Protecting against idiocy

One might well think that one is protected or immune from making a catastrophic mess of your life and the people around you. 

To the rationale man, that would seem plausible namely because we hold to truth, reason, logic, order, morality, justice, altruism and love, but to name a few "good" characteristics and values. 

"But God has not given you a spirit of fear, but of power, love and a sound mind....."2 Timothy 1:7

"Lord teach me to number my days, so that I may apply wisdom to them...." Psalm 90:12
"So teach us to consider our morality, so that we might live wisely..."

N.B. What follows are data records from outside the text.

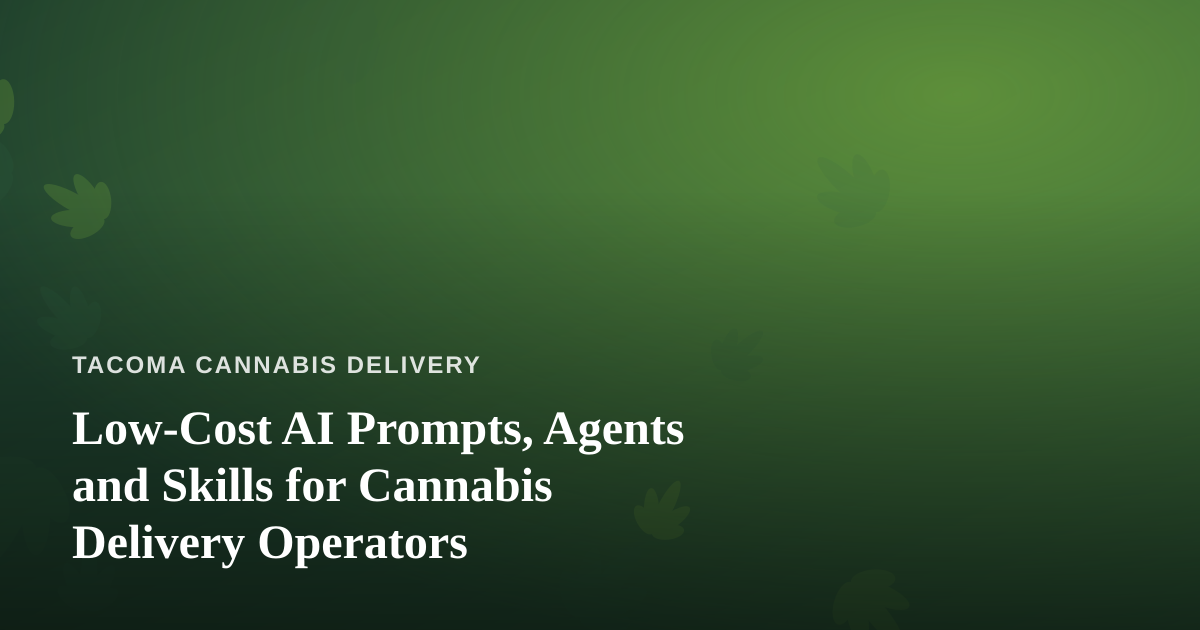 Low-Cost AI Prompts, Agents and Skills for Cannabis Delivery Operators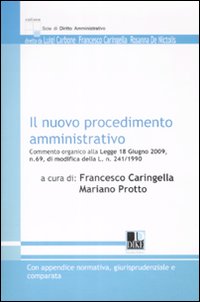 Il nuovo procedimento amministrativo Il nuovo procedimento amministrativo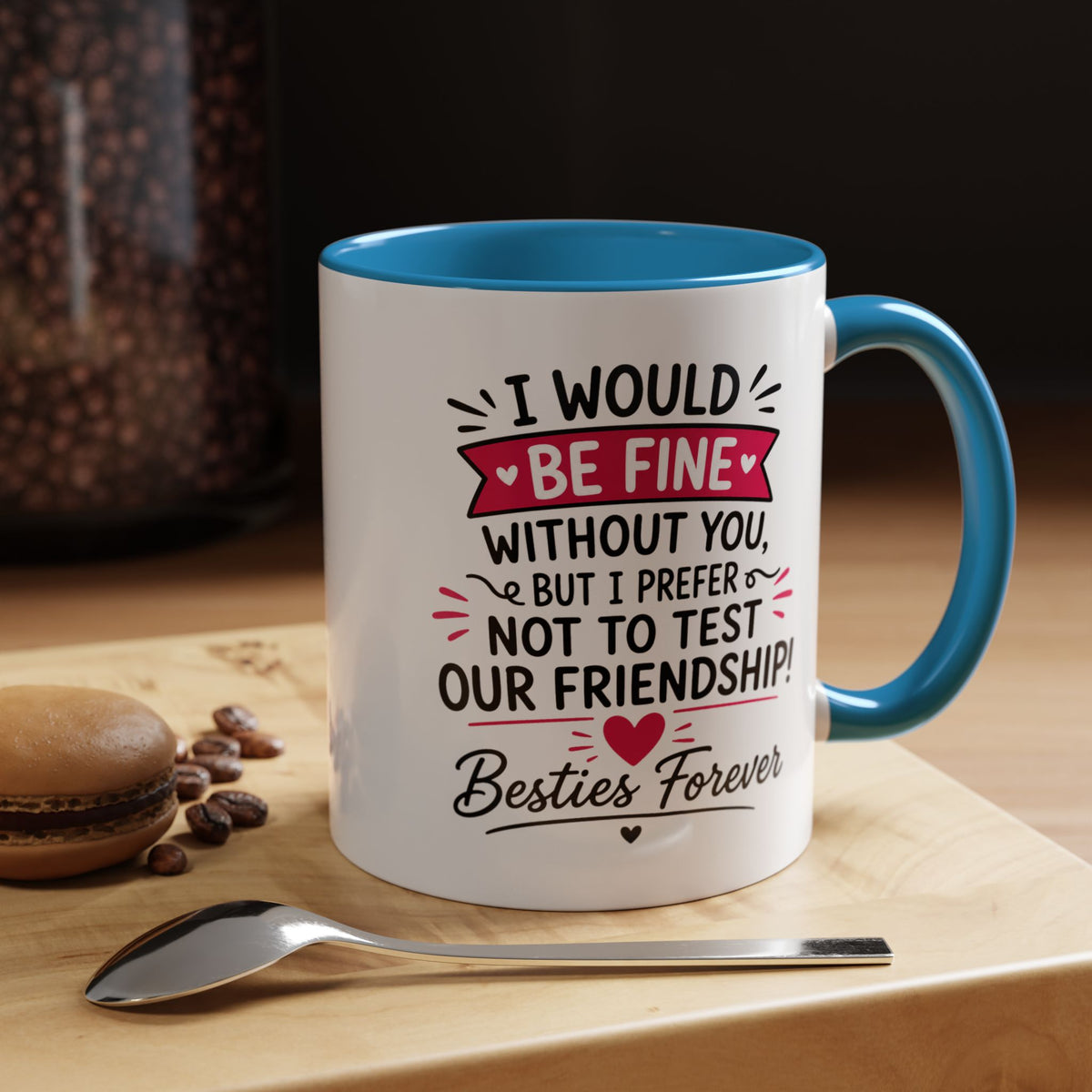 Best Friend Coffee Mug, I Would Be Fine Without You Funny Friendship Cup, Besties Forever Gift for Her, Birthday or Long Distance Present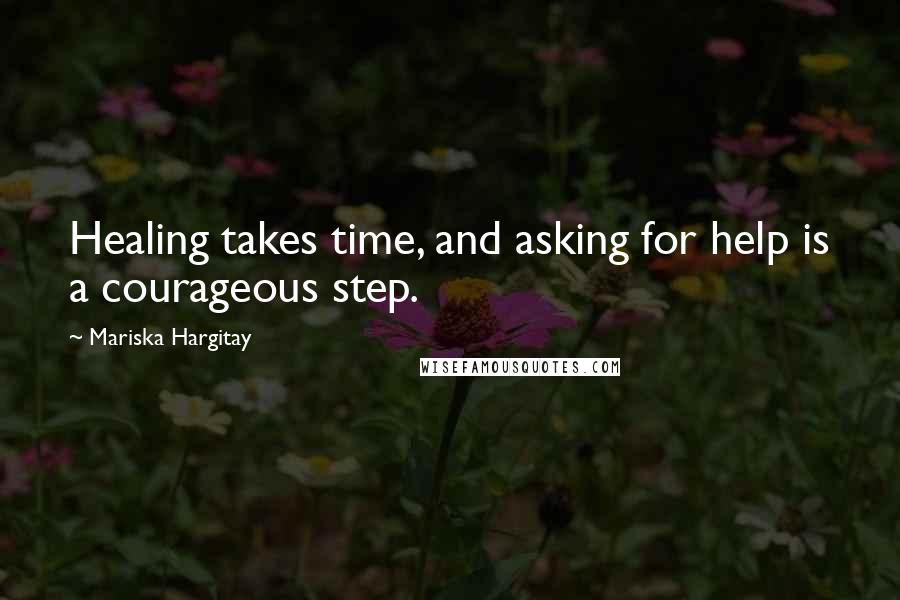 Mariska Hargitay Quotes: Healing takes time, and asking for help is a courageous step.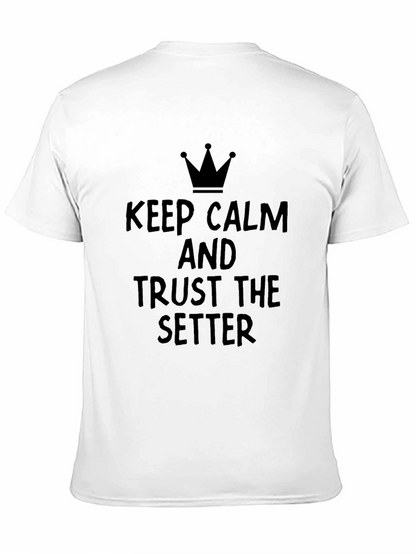 Keep Calm and Trust the Setter T-Shirt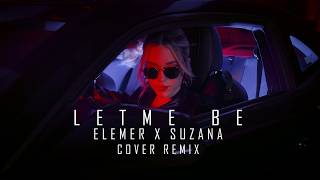 Elemer x Suzana – Let Me Be (The Second Voice Cover Remix) [Online Video]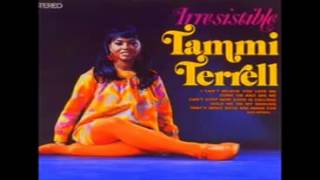 Tammi Terrell - I Can Believe You Love Me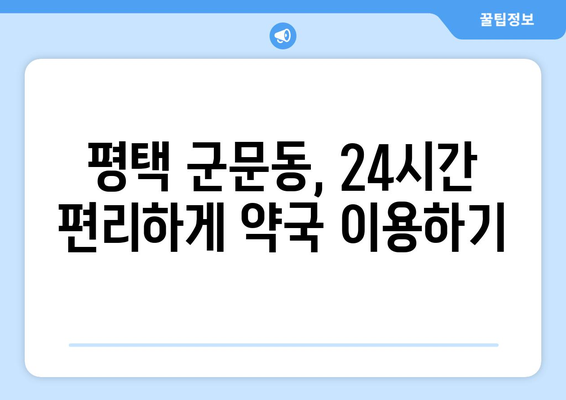 경기도 평택시 군문동 24시간 토요일 일요일 휴일 공휴일 야간 약국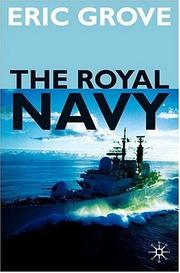 Cover of: The Royal Navy Since 1815 by Eric Grove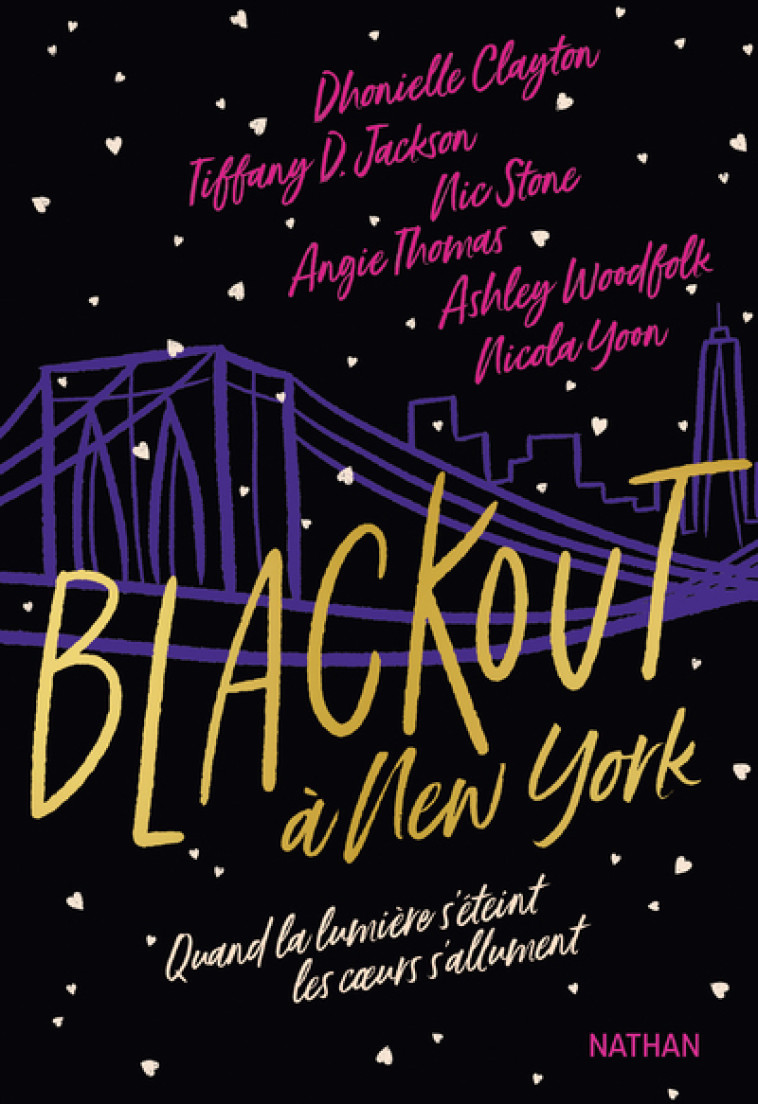 Blackout à New York - Dhonielle Clayton, Tiffany D.Jackson, Nic Stone, Angie Thomas, Ashley Woodfolk, Nicola Yoon, Nathalie Bru, Lucie Calmanovic-Plescoff - NATHAN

"If any of you lacks wisdom, he should ask God who gives generously without finding fault" James 1:5

However, my observation around me suggests otherwise. 

The point of this discussion/debate is a "sharpening up" exercise 

Watch now: 

I have a friend, she's married with 3 kids (all under 10), her husband is an alcoholic, they have struggled for a couple of years to actively try and work on his problem and their marriage. It's a long story, but she has handled it well and with a good heart and a spirit of "can do" to make the best of now a recently separately relationship (as of 8 weeks ago). She has a stable job, works in a very well respected and admired industry. She is applauded by her colleagues and boss for the quality of her work. 
However she's kissed a fellow colleague / associate at a work related function. She's head over heels for this guy, he's in a defacto relationship and she's pursuing him with gusto because there is a great "chemistry" between them and she wants to see if there is something more. 
There's court proceedings, separation of moneies, kids access rights, paying of mortgages and the husband is under the ATO's investigation and possible court proceedings for fraud. 
Now what happens is she sleeps with the new man on the scene....


I have an acquaintance, found out his wife was cheating on him, was using work related interstate trips to fly her lover to her city and they would have it off so to speak. They have 2 kids under 10. She confronted her with the evidence, and she got all mad for breaching her privacy. He paid for her to spend time with her bet friend interstate when he confronted her to give her time to think about their marriage. She fly interstate and secretly flew her lover there for the weekend too. 
Anyway they are recently living seperately. He's now pursuing other separated mothers for sex in his contacts. 


I have a family living on the breadline, where 2 years back they were living in a nice house, had a holiday in the pacific and were contributing to church life, great pillars in the church for many years. 
He leaves the family in a fit, and walks out. Now they are separated and he's forking out $50,000+ in court and legal fees to get access to kids that don"t want to see him and write in their notebooks "my stupid dad" messages each time they come back from a weekend with him. He's decided that he no longer wants to work, but instead study counseling so he can help others all the while abdicating his responsibilities to his family.


 I have a friend with 4 kids all under 16, and he found out his wife had been cheating on him, and a lot with multiple men. 
After trying to restore the marriage for 3 years, they have finally begun formal separation. She has decided that she is oppressed and needs to study, so she got herself a scholarship,  yet still wants the father to provide all financial support for their kids and her living arrangements.  HOwever she choses to live in a $900 a week rental, go on trips overseas and interstate and tun a charity front for a developing nation. 


Another one is a man in his mid to late 20's, got married in his early 20's. Has 1 young child, recently started school. He's decided that his wife was the cause of so much of his pain and that she was not good enough for him, so he needed some "time out" to "find himself" - in an apartment just up the road from them. 
After almost a year of "playing" around with the marriage, he decided that marriage was not his thing because he was so unhappy. So he's moved out permanently and has the child one afternoon a week and every second weekend. 
But when he sees his estranged wife, he wants to sleep with her. 

It goes on and on. 

My call to you and I is to be on guard, because we have this propensity to walk away from a sound mind and instead let our passions, proclivities, wants, desires rule our heart which then rules our heads and decisions. 

Be wise with our time, because we have wisdom at our fingertips from the Father of wisdom.